# [DATASET CONTENT]
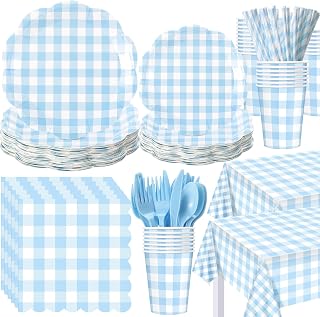 Funnymoom 452 Pcs Blue Gingham Party Supplies for 50 Guests Include White and Blue Checkered Paper Plates Napkins Cups Tablecloth Cutlery Straws for Birthday Baby Shower Wedding Party Decorations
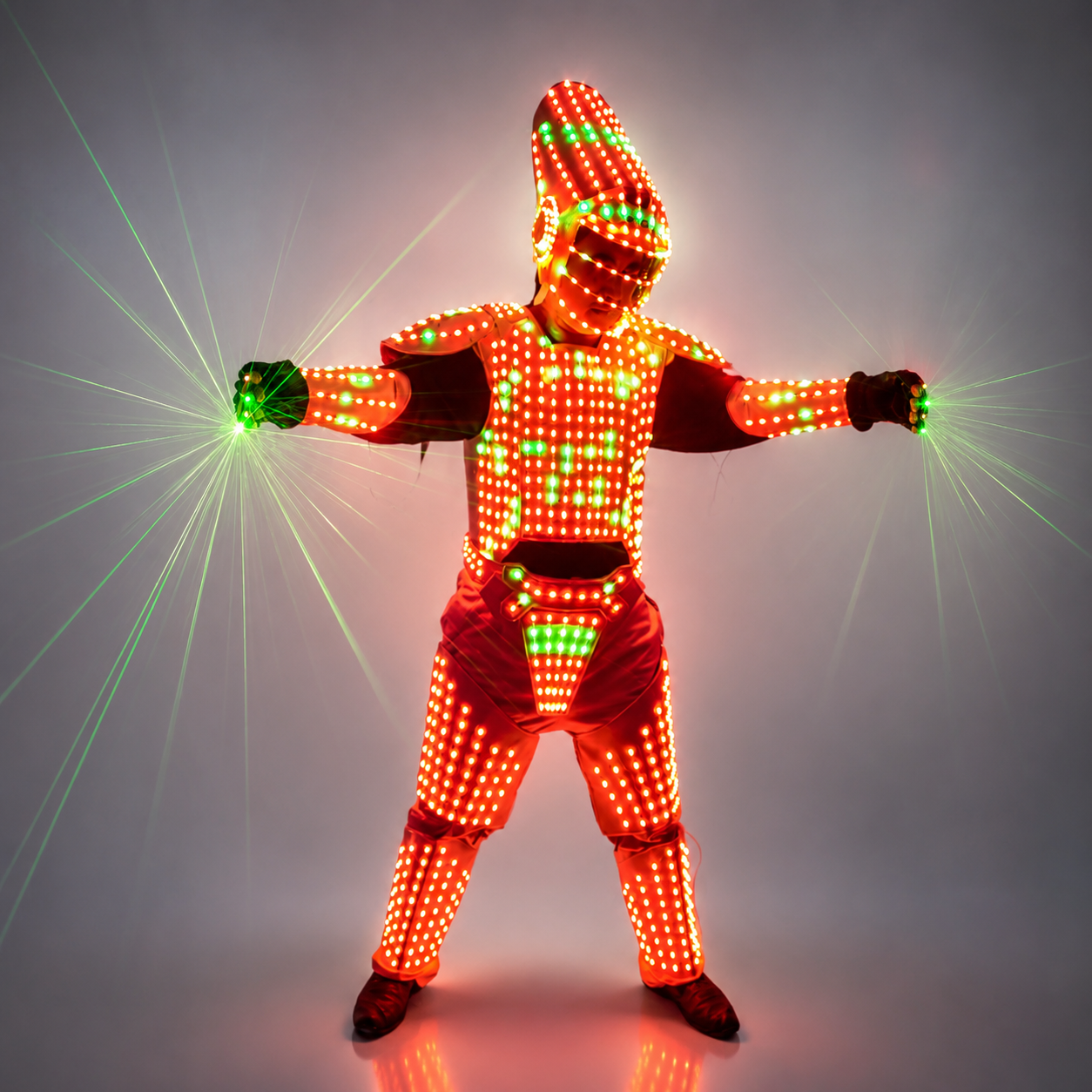 Pixel LED Lights Jacket Coat Stage Dance Costume Tron RGB Light Up Stage Suit Robot Outfit Group Dance Performance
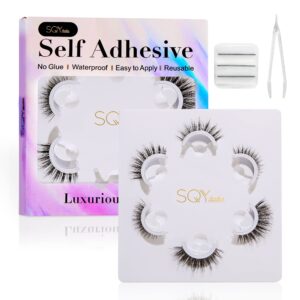 sqylashes glueless lashes, adhesive lashes no glue, stick on lashes, self adhesive eyelashes natural look, reusable and waterproof (black color, 3 pairs)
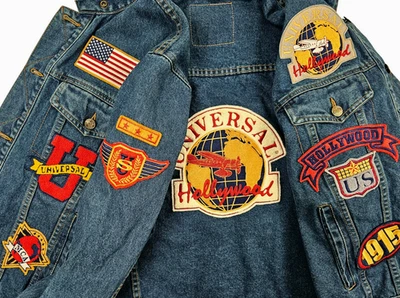 HOT VTG 90's UNISEX UNIVERSAL STUDIO BIG LOGO PATCHED 4 Pck Denim JACKET Jeans M - Image 1 of 4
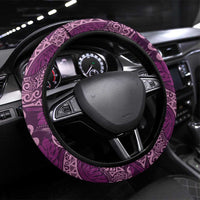Royal Purple Monstera Steering Wheel Cover Polynesian Tribal Pattern - Polynesian Pride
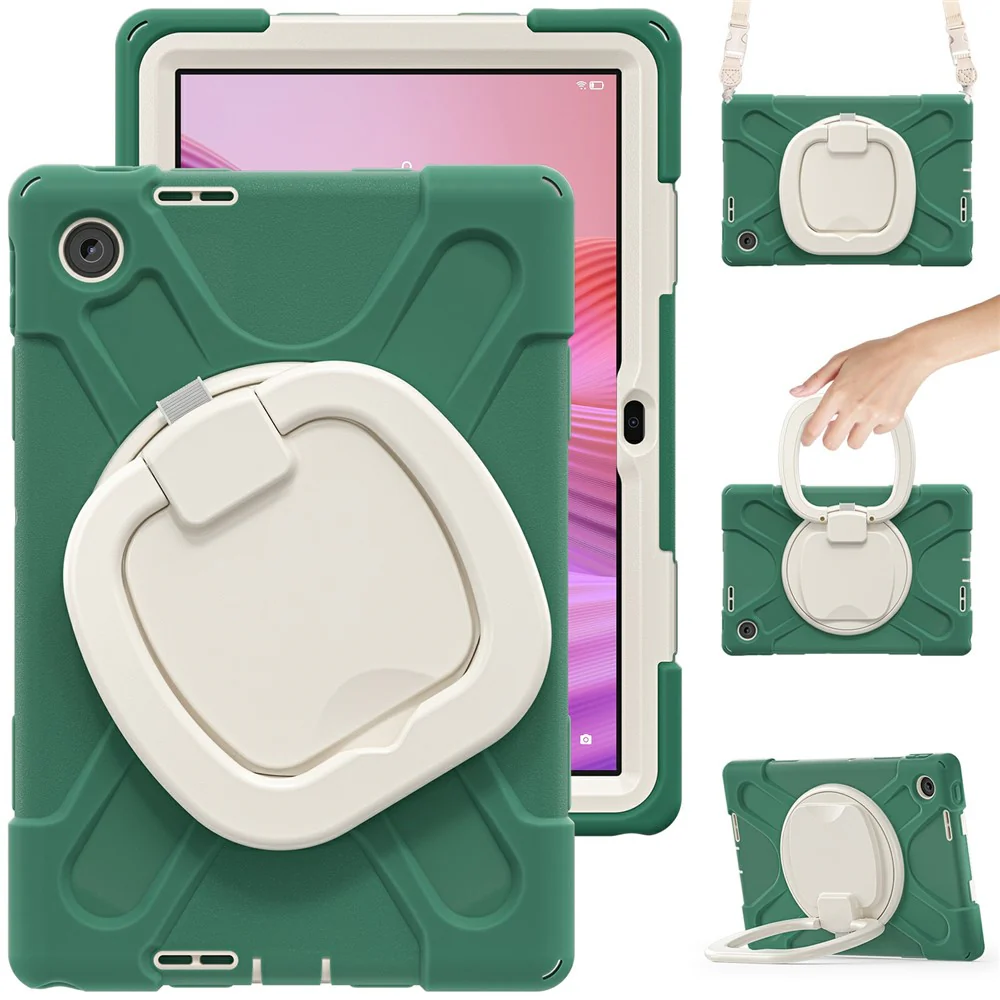 For Lenovo Tab 10.1 (2025) TB311XU2 / Zhaoyang K10C Case with Shoulder Strap TPU + PC + Silicone Kickstand Tablet Cover - Emerald Green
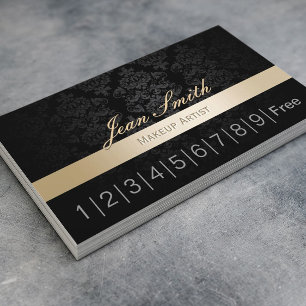 Makeup Artist Gold Striped Damask Loyalty Punch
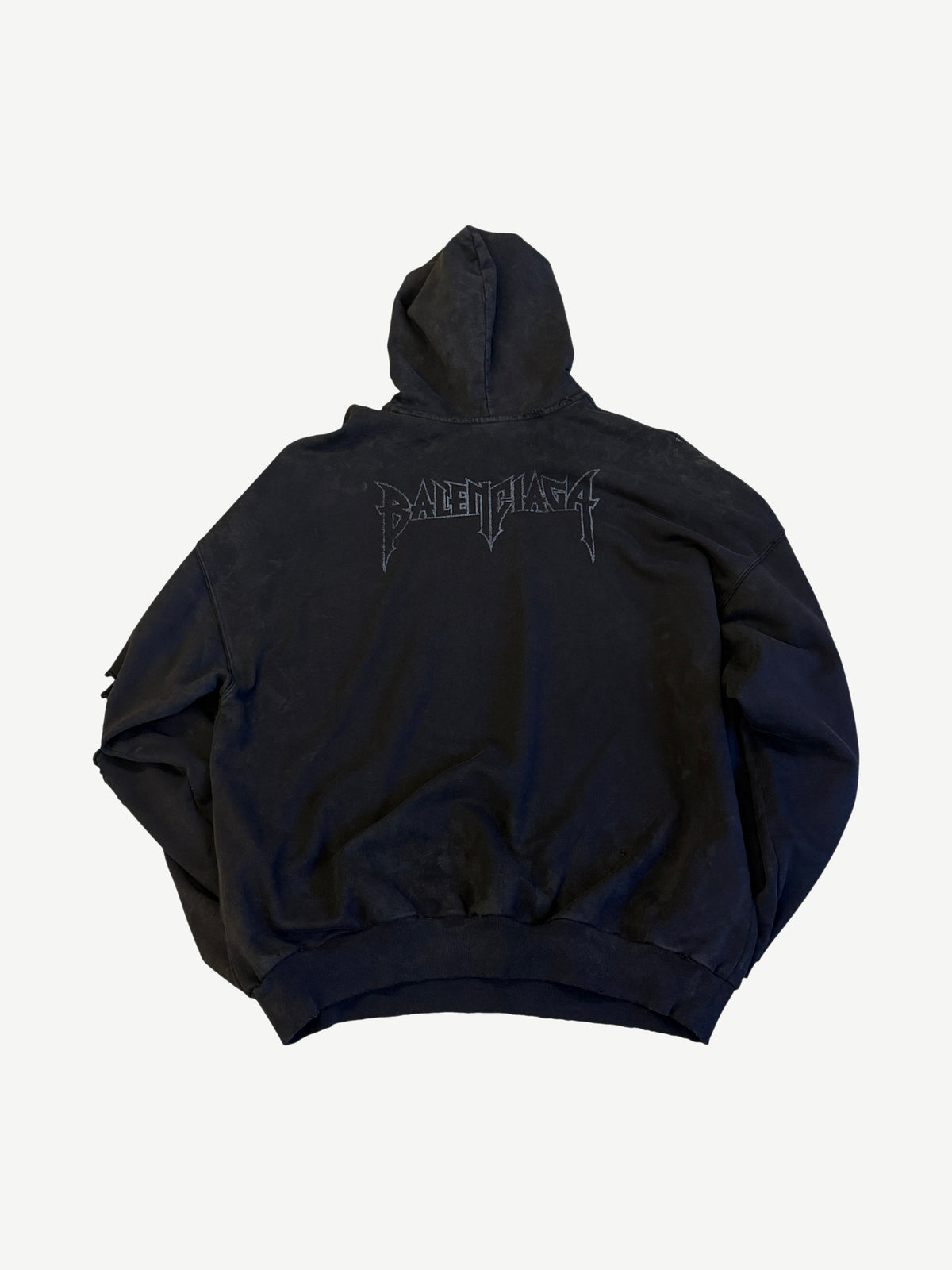 Balenciaga Faded Black Paris Moon Oversized No Pocket Hoodie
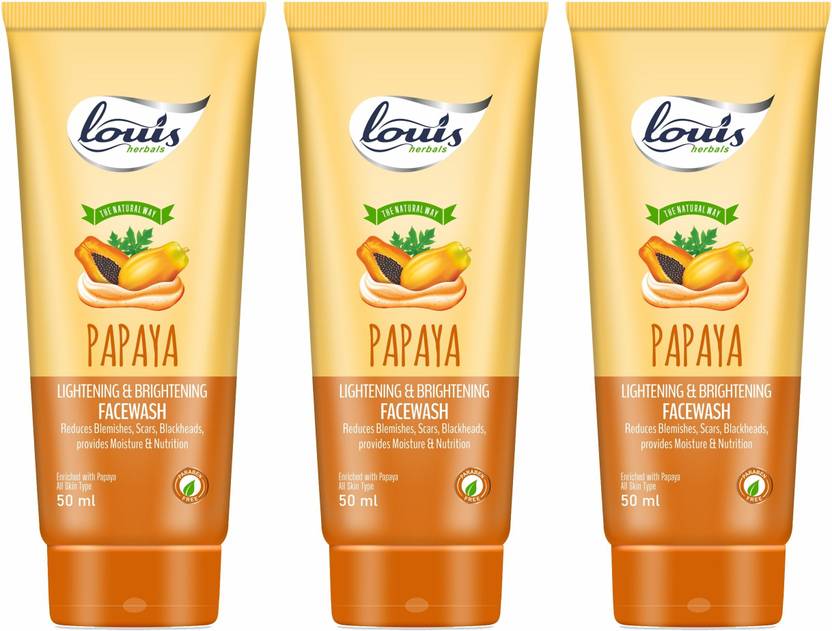 Louis herbals Papaya Lightening & Brightening  Pack of 3 x 50 ml Face Wash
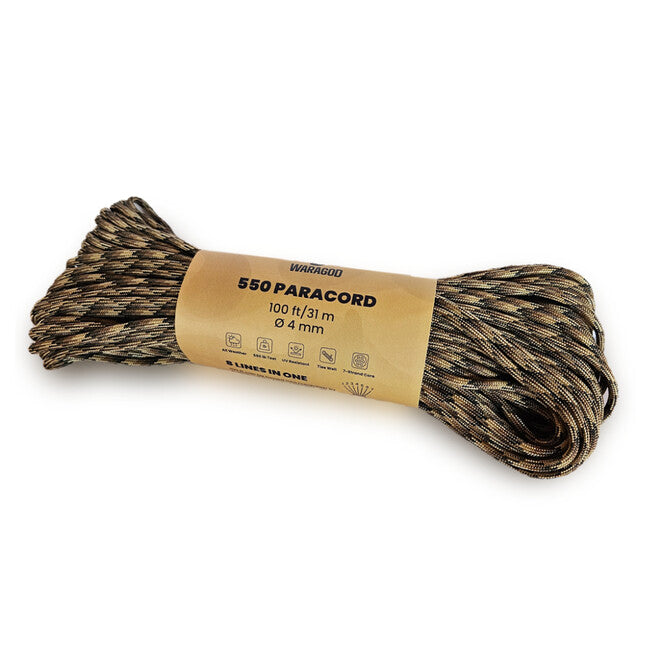 WARAGOD Paracord 550 corda 31 m con diametro di 4 mm, camo coyote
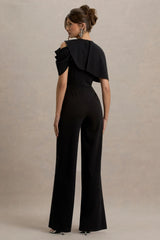My Destiny | Black Asymmetric Draped Jumpsuit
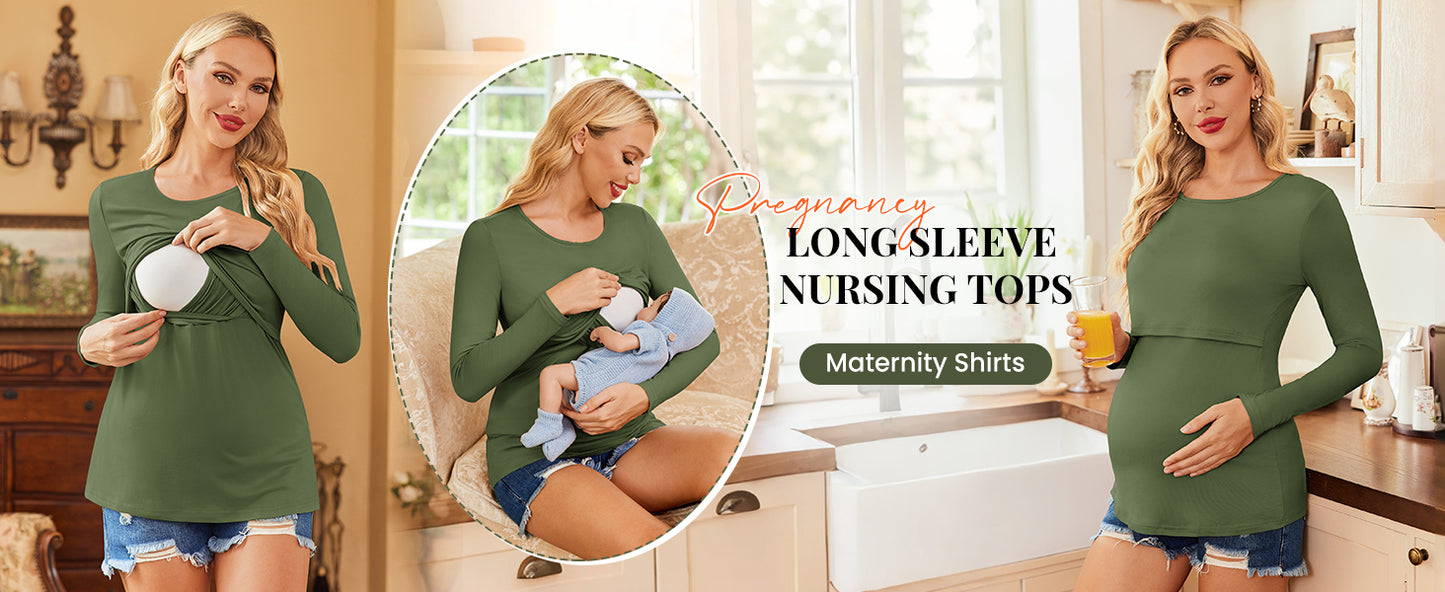 Ekouaer Women 3 Packs Nursing Shirts Long Sleeve Breastfeeding Tops Round Neck Postpartum Clothes Double Layer Maternity Tee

# [WORK TO BE COMPLETED]
Output exactly the lines from the one containing "My Destiny | Black Asymmetric Draped Jumpsuit" through the last line of the records above, both included, and leave out the pictures.

# [EXERCISE SOLUTION]
My Destiny | Black Asymmetric Draped Jumpsuit
 Ekouaer Women 3 Packs Nursing Shirts Long Sleeve Breastfeeding Tops Round Neck Postpartum Clothes Double Layer Maternity Tee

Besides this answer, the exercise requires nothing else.